Word Break medium

Problem Statement

Given a string s and a dictionary of strings wordDict, determine if s can be segmented into a space-separated sequence of one or more dictionary words. Note that the same word in the dictionary may be reused multiple times in the segmentation.

Example 1

Input: s = "leetcode", wordDict = ["leet","code"]
Output: true
Explanation: Return true because "leetcode" can be segmented as "leet code".

Example 2

Input: s = "applepenapple", wordDict = ["apple","pen"]
Output: true
Explanation: Return true because "applepenapple" can be segmented as "apple pen apple".
Note that you are allowed to reuse a dictionary word.

Steps

The problem can be solved efficiently using dynamic programming. We'll create a boolean array dp where dp[i] is true if the substring s.substring(0, i) can be segmented into words from wordDict.

  1. Initialization: dp[0] is true because an empty string can always be segmented.

  2. Iteration: We iterate through the string s from index 1 to the end. For each index i, we check if dp[i] can be made true.

  3. Check for segmentation: For each index i, we iterate through all possible breakpoints j from 0 to i - 1. If dp[j] is true (meaning the substring from 0 to j can be segmented) and the substring from j to i is in wordDict, then we set dp[i] to true.

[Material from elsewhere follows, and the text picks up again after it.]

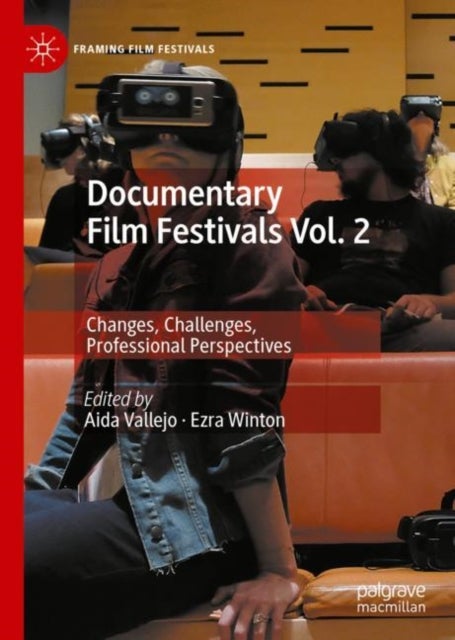 Documentary Film Festivals Vol. 2 - Changes, Challenges, Professional Perspectives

  4. Result: dp[s.length()] will indicate whether the entire string s can be segmented.

Explanation

The dynamic programming approach avoids redundant calculations. We build up a solution by solving smaller subproblems first. dp[i] depends only on the values of dp[j] where j < i. This bottom-up approach ensures that when we consider a substring, we already know whether its prefixes can be segmented. The use of a HashSet for wordDict allows for O(1) lookup time, improving efficiency.

Code

import java.util.HashSet;
import java.util.Set;

class Solution {
    public boolean wordBreak(String s, List<String> wordDict) {
        Set<String> wordSet = new HashSet<>(wordDict);
        int n = s.length();
        boolean[] dp = new boolean[n + 1];
        dp[0] = true;

        for (int i = 1; i <= n; i++) {
            for (int j = 0; j < i; j++) {
                if (dp[j] && wordSet.contains(s.substring(j, i))) {
                    dp[i] = true;
                    break;
                }
            }
        }
        return dp[n];
    }
}

Complexity

  • Time Complexity: O(n^2), where n is the length of the string s. This is because of the nested loops. The inner loop iterates up to i times in each outer loop iteration.
  • Space Complexity: O(n), due to the dp array of size n + 1. The wordSet HashSet has space complexity related to the size of the wordDict, but this is considered constant in relation to the length of the input string s.